I can't seem to find any documentation or tutorials that shows the logic behind suppressions. Solar Winds does tell me how to create a suppression but does a very poor job at telling how this is put into action in the real world. I have not found any  posts on this forum that are answered very well either.


Solar Winds are you listening....


 


  • Clint,The main thing on which to focus is where the dependencies lie. In your scenario:All 25 servers depend on SwitchA, RouterB, and RouterA.SwitchA depends on RouterB and RouterA.RouterB depends on RouterA.

    What you will need to do is build a separate alert for each level of dependency. In your example, this would mean creating 3 alerts, each configured to suppress triggering, depending on the state of the devices on which they are dependent.
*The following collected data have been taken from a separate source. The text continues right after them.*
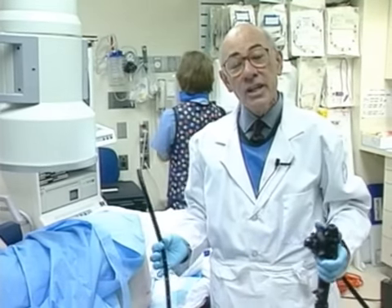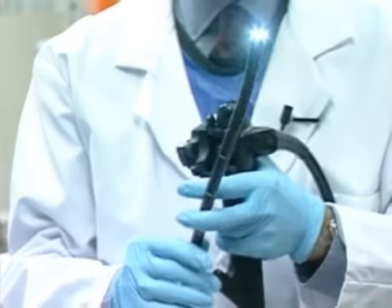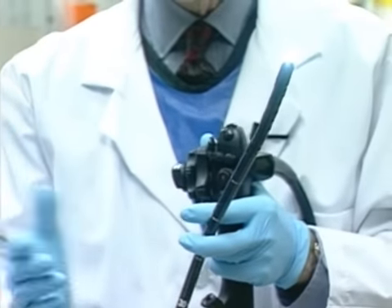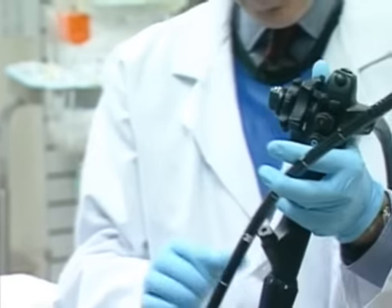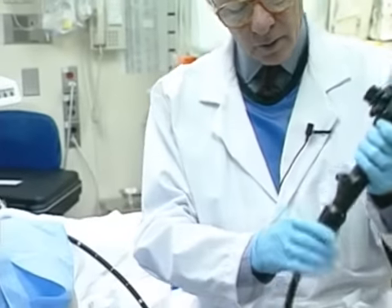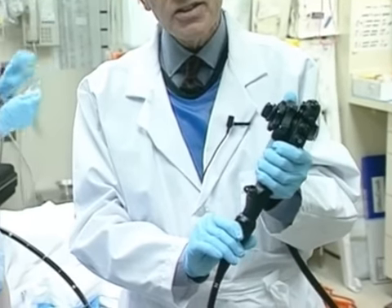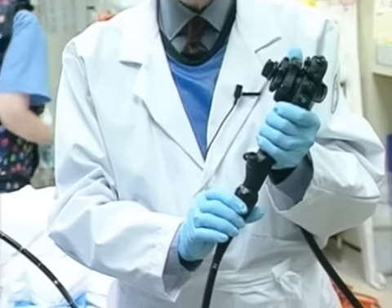This is a new and innovative flexible colonoscope called the InnerFlex scope. A PCF can be very floppy when one tries to do total colonoscopy with it, but this instrument has a very special gauge that will allow us to increase the stiffness of the instrument incrementally.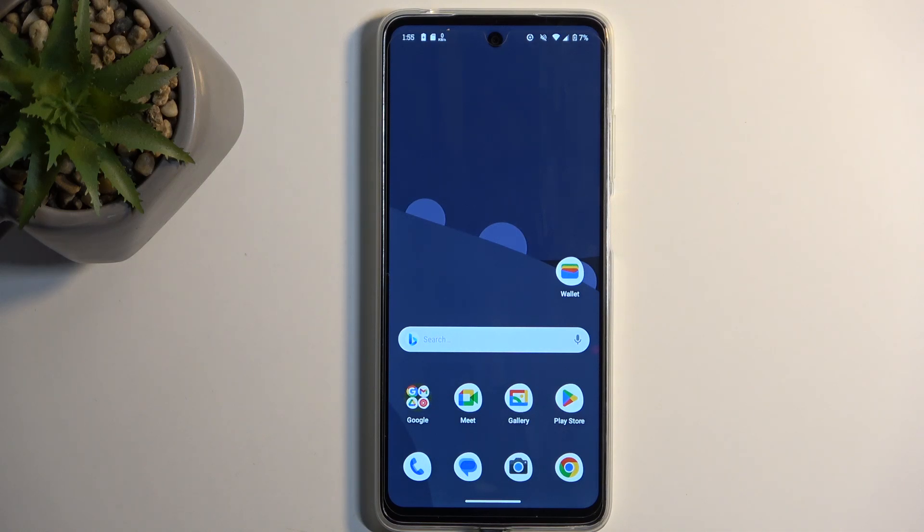Welcome. I'm Morola and this is the Moto E14. Today I'll show you how you can enable and set up your portable hotspot.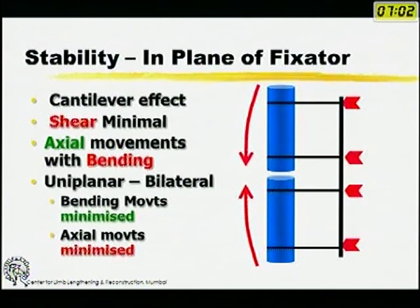The words in green are good things and those in red are bad things. In this kind of fixator, in the plane of the fixator, shear between the two fragments is minimal. There are axial movements — which is good — but these are accompanied to variable degrees by bending. To reduce this bending, the next evolution was a uniplanar bilateral fixator, extending the pin across and adding another rod. The good thing was bending movements were minimized, but the bad thing is axial movements are also minimized.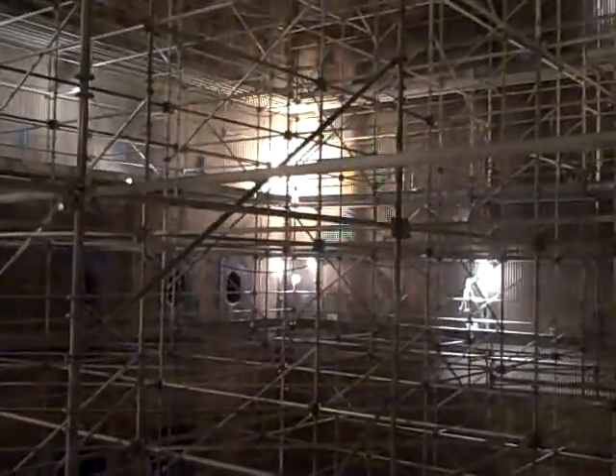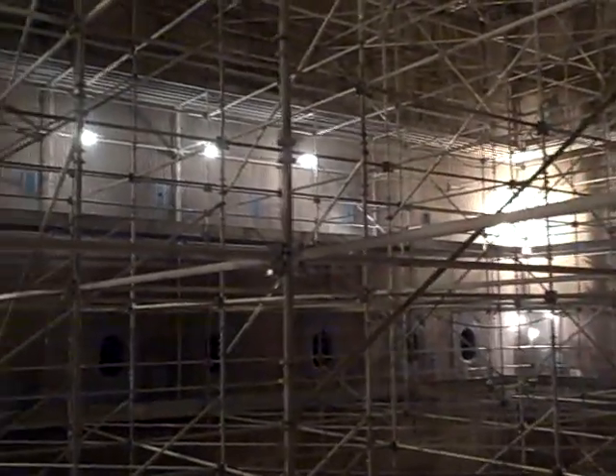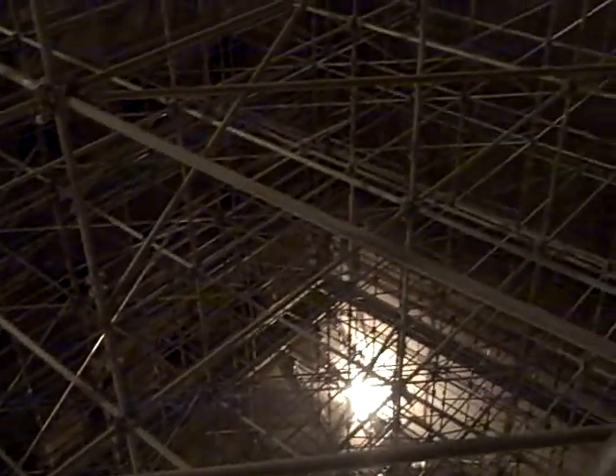Here we are at the end of the day in the cavity of the boiler. It's all scaffolded up — lots of scaffold. When we don't scaffold this, we have to get on little platforms held by cables and shinny up and down the wall with them. So this is a lot, lot better.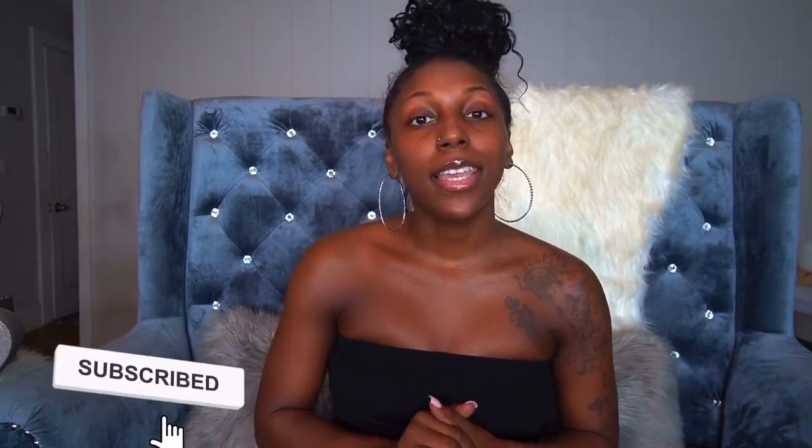Hi everyone, Empress here, and welcome back to my channel. I hope that you all have been taking care of yourselves and doing all the things that make you happy. Today's video is going to be on the Steve Madden Maxima shoes — I'm going to be doing a review on them. If you haven't already, be sure to hit that subscribe button to help my channel grow.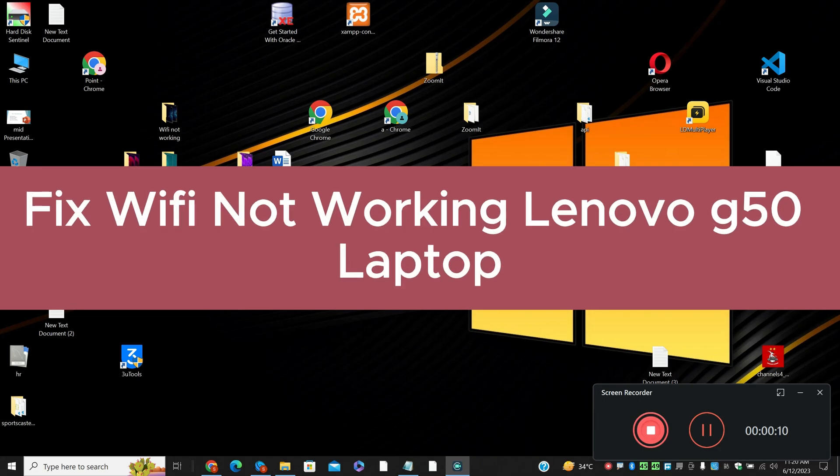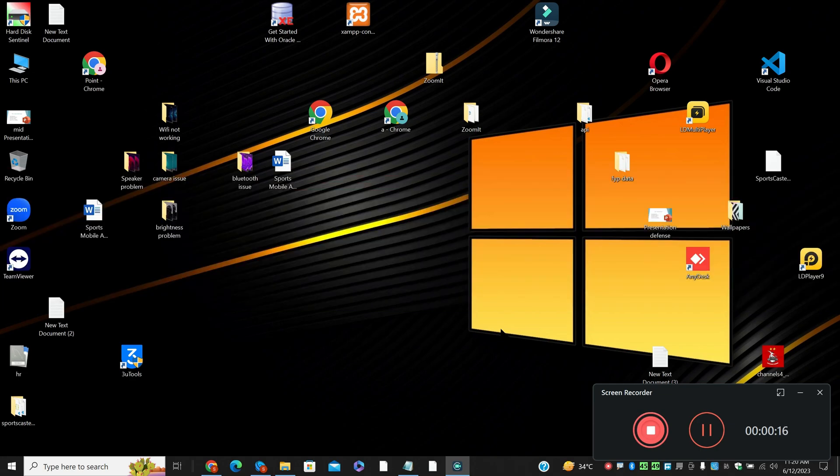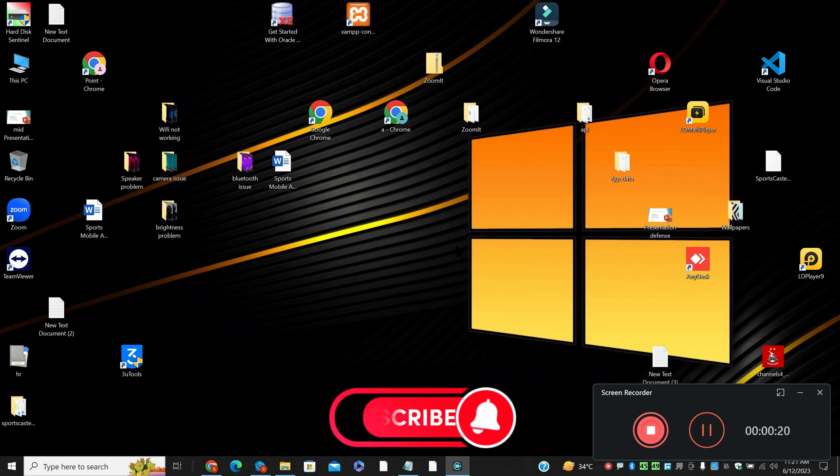Hello everyone, welcome to another video. In this video, I am going to talk about how to fix the WiFi not working on a Lenovo G550 laptop. So if you have a G50 laptop and the WiFi is not working, I will show you how you can easily fix it.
For example, the suppression for a single alert that covers all 25 servers would look similar to the following. (This is just a quickie explanation, but if you need the detail of how it really looks in the alert config window, I can put that together tomorrow… Maybe…)  :)

    Suppress when:

    NodeName equal to SwitchA OR

    NodeName equal to RouterB OR

    NodeName equal to RouterA

    AND

    Node Status not equal to Up

    The reason I use "Node Status not equal to Up" instead of "Node Status equal to Down", is due to the fact that depending on where you are in the polling cycle, the routers or switch may still be in a "Warning" state when the servers are finally noted as "Down".

    If your primary concern is to suppress the individual server alerts when one of the three network infrastructure devices goes down, then this one alert will suffice. Naturally, if you want to suppress further up the line, then simply follow the same thought process.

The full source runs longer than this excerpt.